Information supplied Start Marker
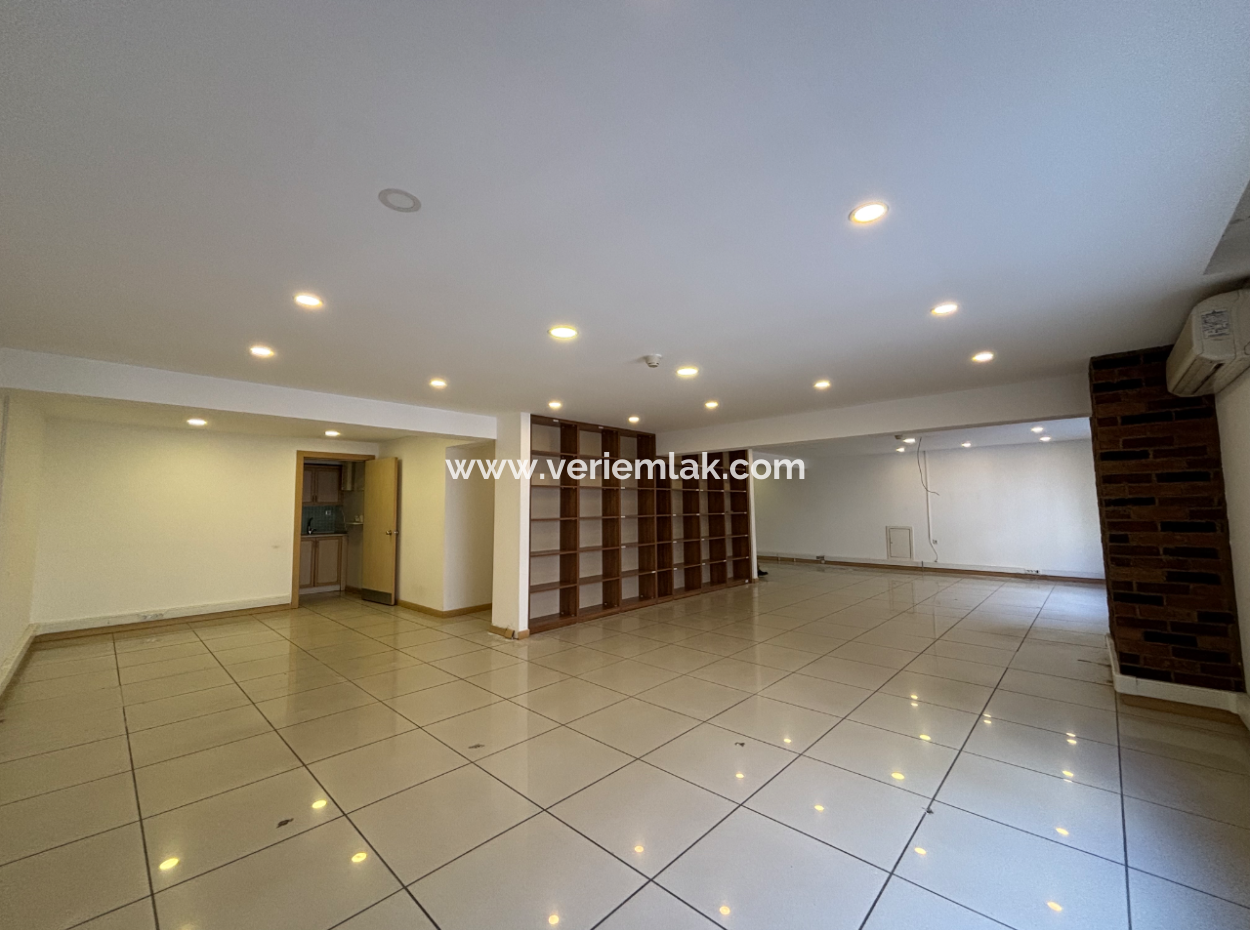 Alsancak Cyprus Martyrs Full Floor 225M2 4Th Floor Workplace For Rent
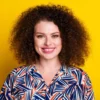 Стоматолог Шелудкова рассказала, как убрать щель между передними зубами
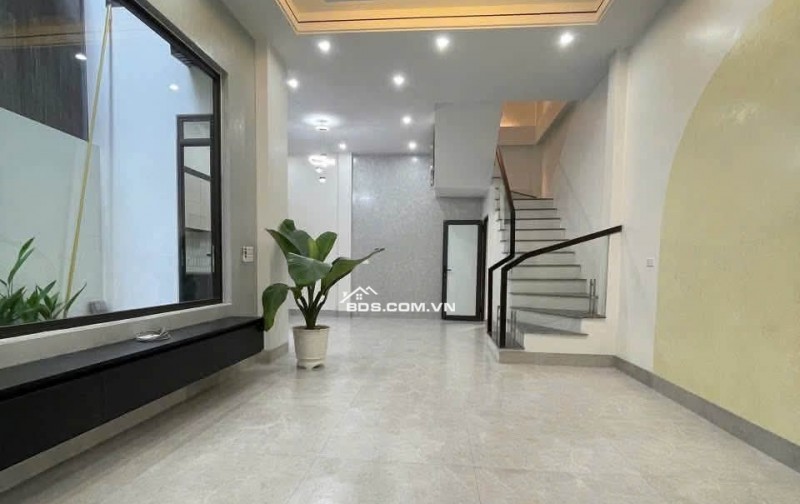 BÁN NHÀ ĐẸP 2.58 TỶ 3 TẦNG 51M2 ( ĐÔNG NAM ) NGÕ LÊ HỒNG SƠN
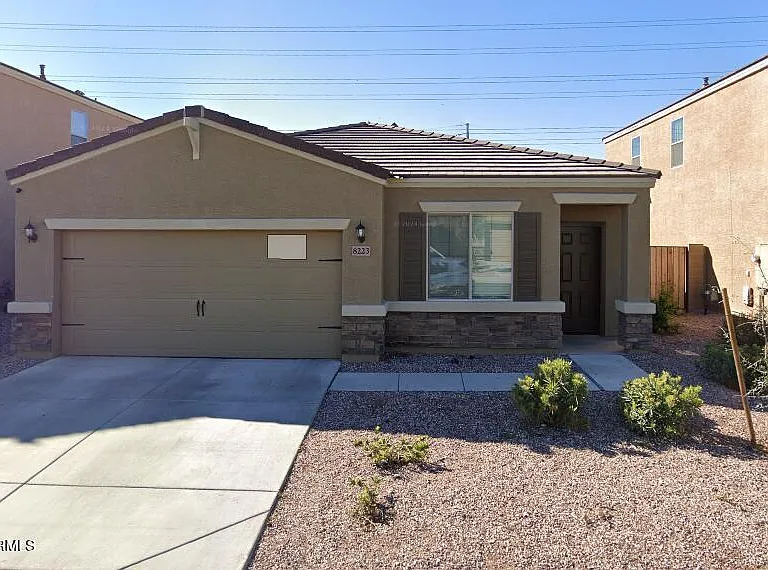 8223 W Pueblo Ave — Photo 1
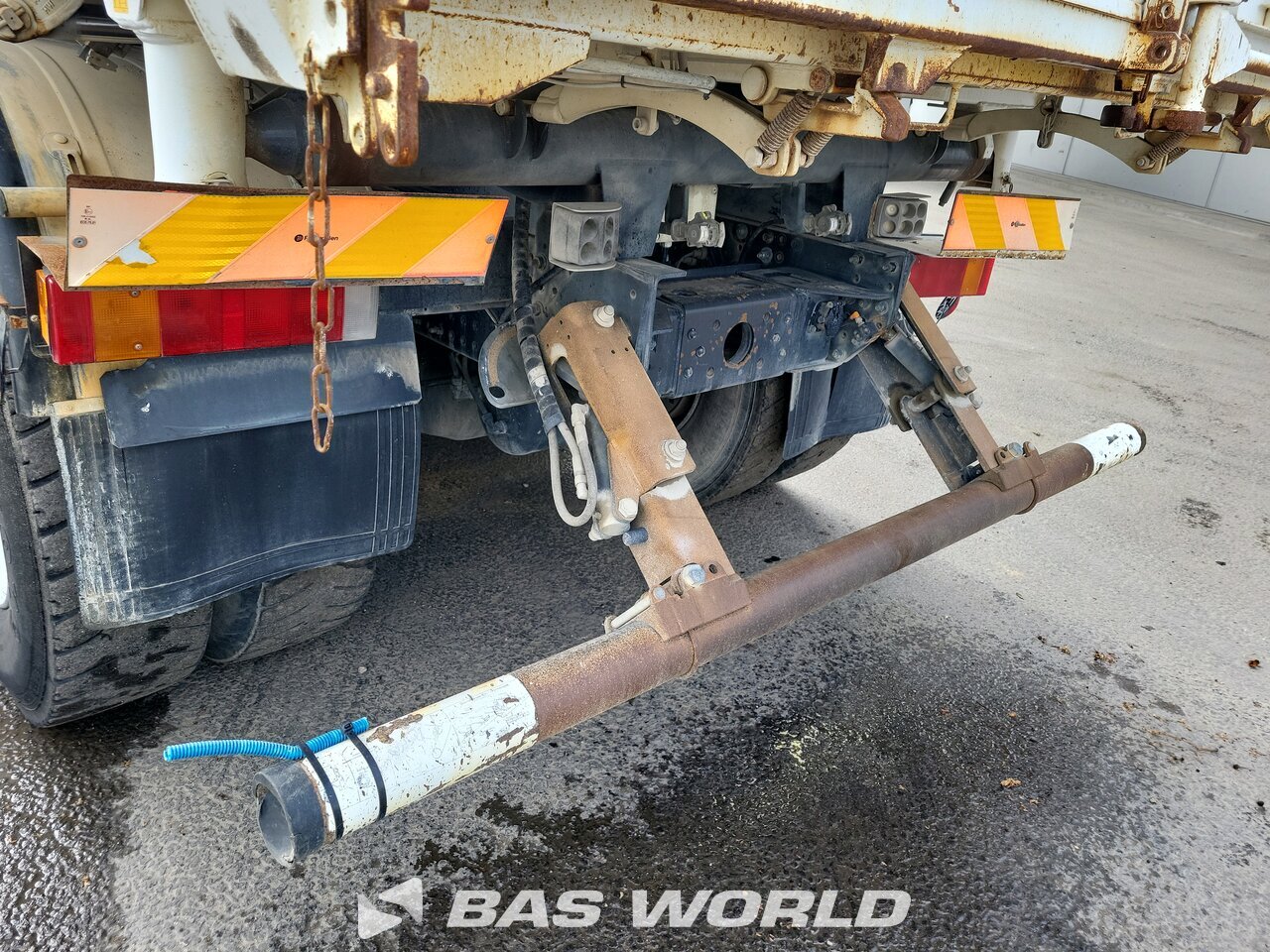 Other : Iveco Trakker 360 6X4 Vincent Camion Benne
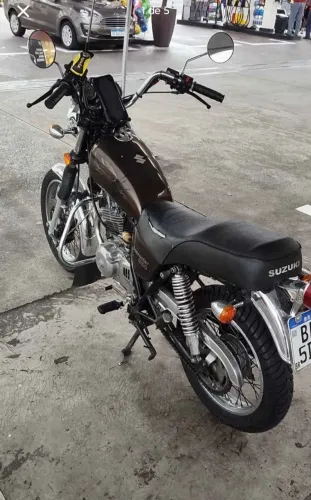 Suzuki Intruder 250 97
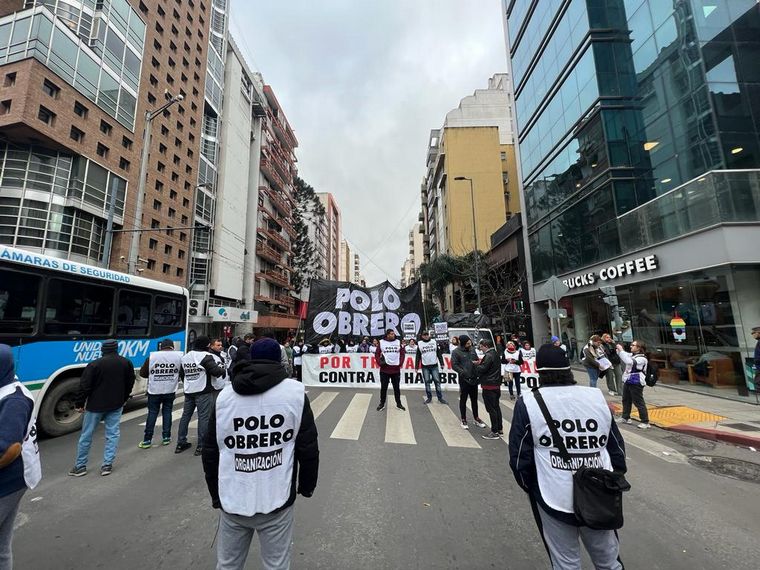 FOTO: El Polo Obrero marcha en Córdoba.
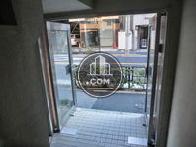 前面通りは約7m　両側通行です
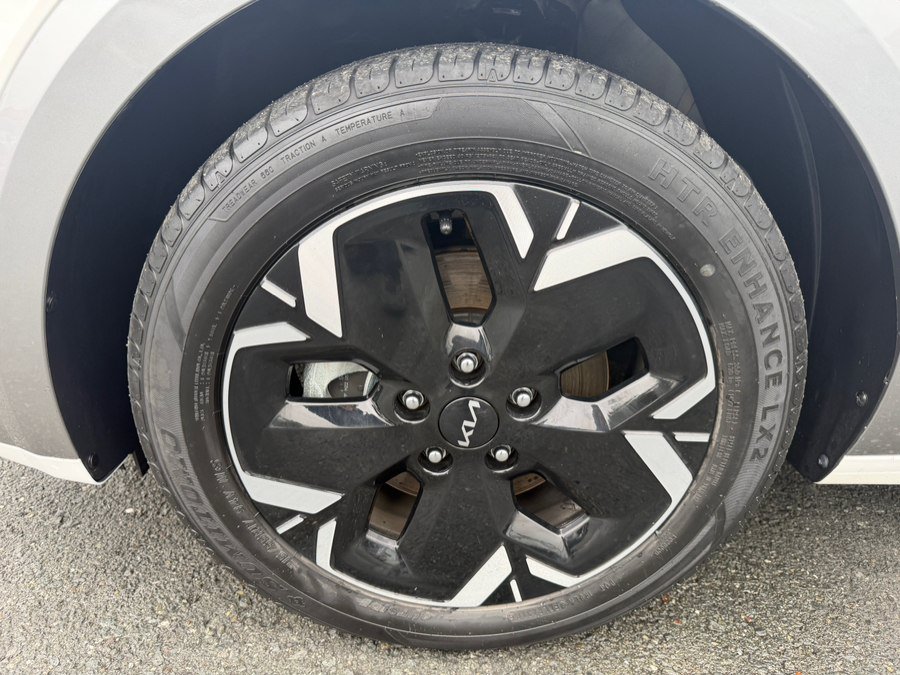 Used 2023 Kia Niro Wave w/ Wave Preserve Package FWD image 51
Information supplied End Marker
_Problem to work on:_
Leave out the pictures, then give all the records again exactly.

_Solution:_
 Alsancak Cyprus Martyrs Full Floor 225M2 4Th Floor Workplace For Rent
 Стоматолог Шелудкова рассказала, как убрать щель между передними зубами
 BÁN NHÀ ĐẸP 2.58 TỶ 3 TẦNG 51M2 ( ĐÔNG NAM ) NGÕ LÊ HỒNG SƠN
 8223 W Pueblo Ave — Photo 1
 Other : Iveco Trakker 360 6X4 Vincent Camion Benne
 Suzuki Intruder 250 97
 FOTO: El Polo Obrero marcha en Córdoba.
 前面通りは約7m　両側通行です
 Used 2023 Kia Niro Wave w/ Wave Preserve Package FWD image 51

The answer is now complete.